Delgado Community College also offers other electrician training programs like the small industrial (for workshops, factories, and other industrial settings that use electrical energy for lighting, heating, and cooling), and commercial electrical programs (for homes, stores, and office buildings).

Education Paths of Electricians

A high school diploma generally meets the entry-level education prerequisite for electrician careers. However, most electricians complete additional training through the best electrician trade schools or vocational programs.

In trade schools, students will explore electrical theories and learn how to read electrical blueprints. They will also learn about safety practices, electrical code regulations, and mathematics.

Students may also choose to enroll in specialized training by taking specialty courses in specific fields like fire alarm systems, elevators, LEED certifications, and other niche fields.

As students earn a diploma or vocational certificate, enrollees may also boost their practical skills through practicum and laboratory requirements. One of the most common skills is soldering, which students can learn in a supervised setting with licensed and experienced electricians for apprenticeship-style training.

Another route to becoming an electrical technician is through an apprenticeship. Apprentices will work under a master electrician for five years. During this time, an apprentice may complete 2,000 on-the-job training hours every year. On top of paid work experience, apprentices can hone their skills through technical instruction.

Related Careers in Electrical Technician

Maintenance Technician

These technicians perform repairs on residential and commercial properties. They assess buildings, schedule repairs, and repair electrical wiring systems.

They also manage inventory records and create preventative maintenance plans.
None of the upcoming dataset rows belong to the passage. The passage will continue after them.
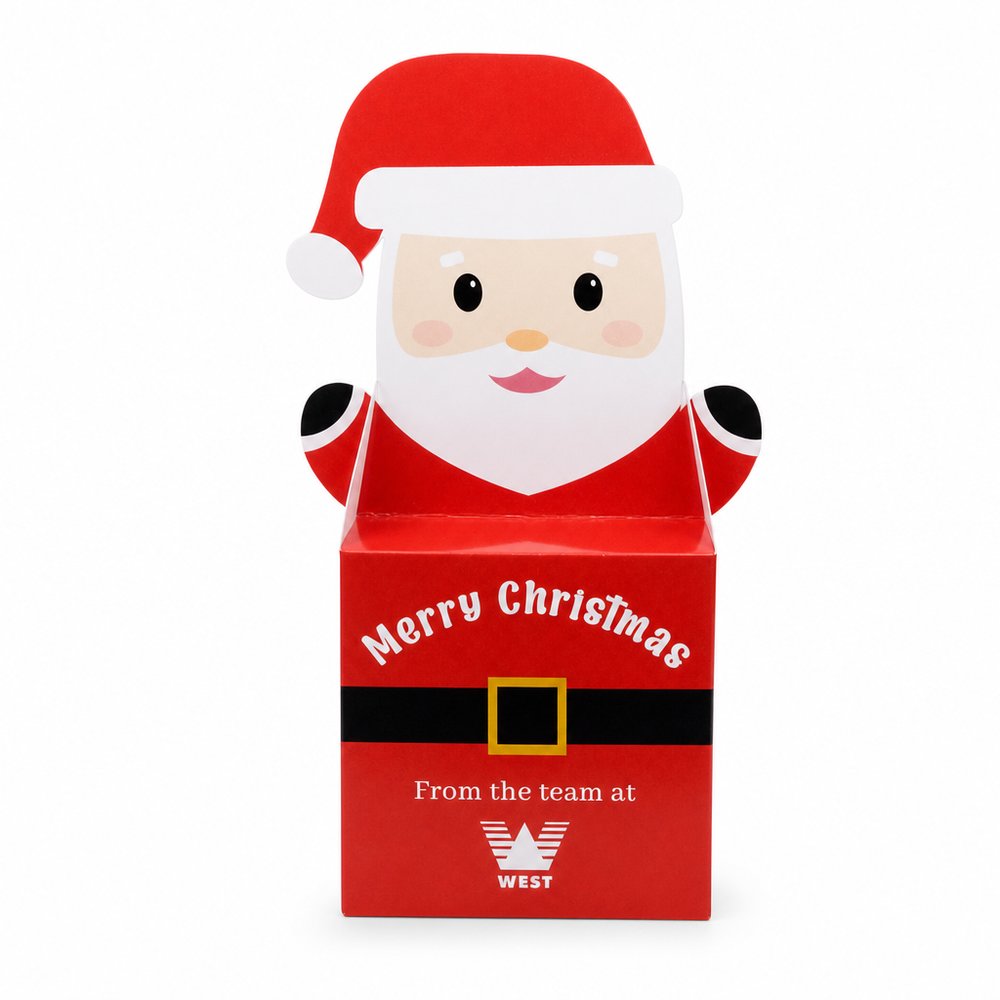 Personalisierte Santa-Box mit Süßigkeiten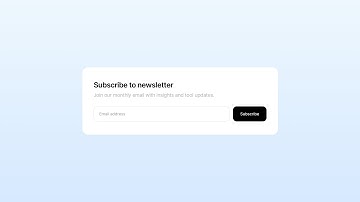 How to build a Newsletter Subscribe form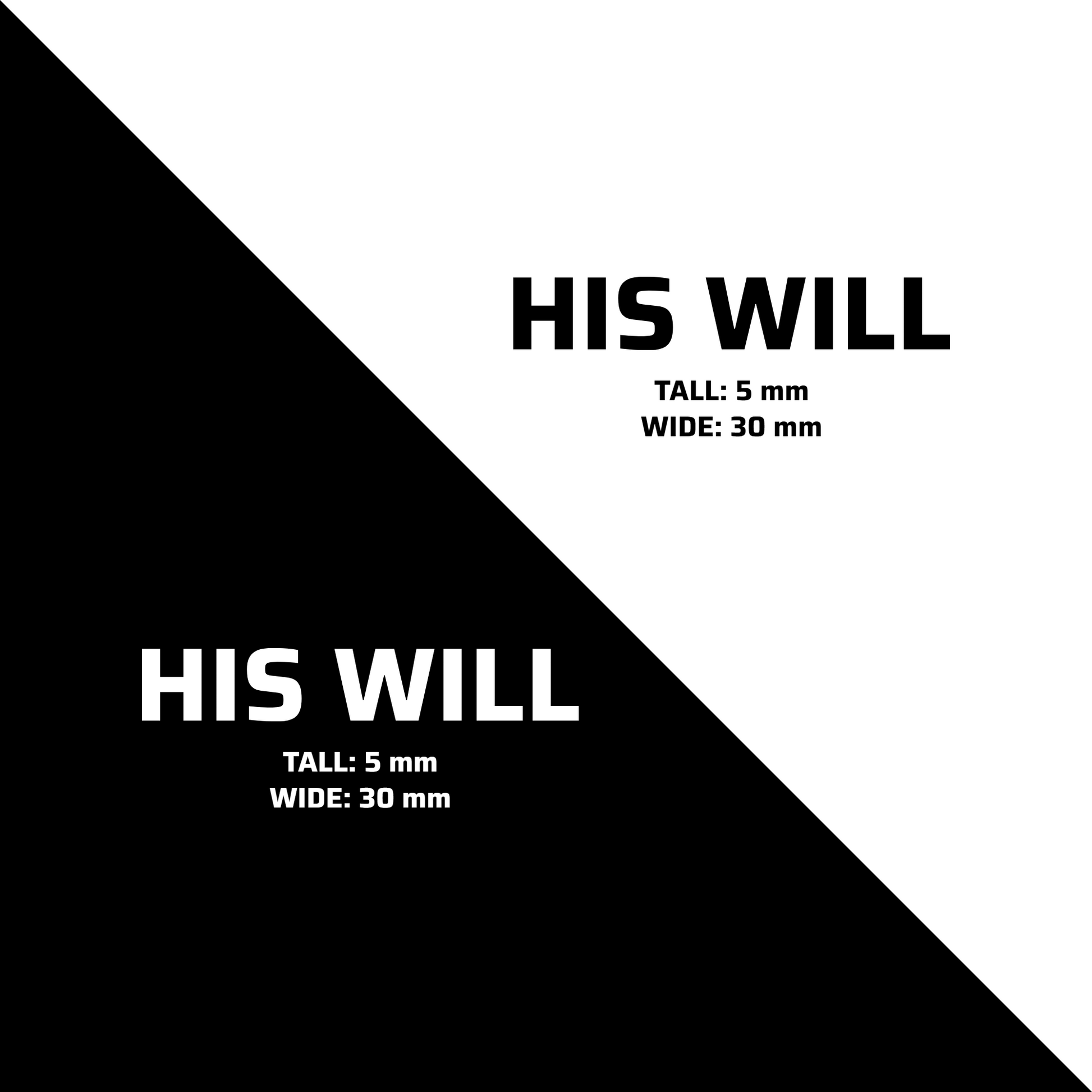 HIS WILL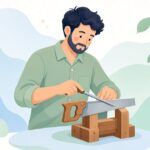 手鋸用目立てヤスリをイメージしたイラスト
While maintenance technicians can take advantage of electrical training, this type of job does not necessarily need a post-secondary education.

Electronics Technician

Electronics technicians repair or install electronic equipment, including industrial electronics, automobile electronics, and transmitters. These technicians also conduct tests to identify whether a piece of equipment needs an upgrade or needs to be repaired.

They can also handle specialty equipment and work in industrial or commercial electronics, audio systems, automotive electronics, security systems, and navigation systems.

Electrical Foreman

These foremen manage electrical crews, ensuring they properly repair or install electrical equipment. They also provide cost estimates and set schedules for clients. Electrical foremen follow electrical blueprints and ensure the work complies with building codes.

Online Electrician Trade Schools - fact

Frequently Asked Questions

What education should an electrician have?

Generally, electricians must train through apprenticeship programs, and most licensed electricians attend trade schools before they start their apprenticeship. Many trade schools and community colleges offer electrician training certificate programs that typically last six months to two years.

What should you look for in an electrical trade school?

When looking for an electrical trade school, students must consider several factors. First, find out the program’s length and requirements. Second, check whether the program meets certification and licensure requirements in your state. It’s also important for aspiring electricians to check the program’s accreditation status.

Is there a difference between a license and a certificate for electricians?

Some states require licenses in order for electricians to work. A license typically proves an electrician is authorized to work in their field, while certifications display one’s level of experience. This distinction is specifically useful in states that offer both certifications and licenses.

Can you work as an electrician without a license?

While unlicensed electrician jobs really exist, they are generally rare because the things one can do as an unlicensed electrician are extremely limited, and one can be held liable for their work.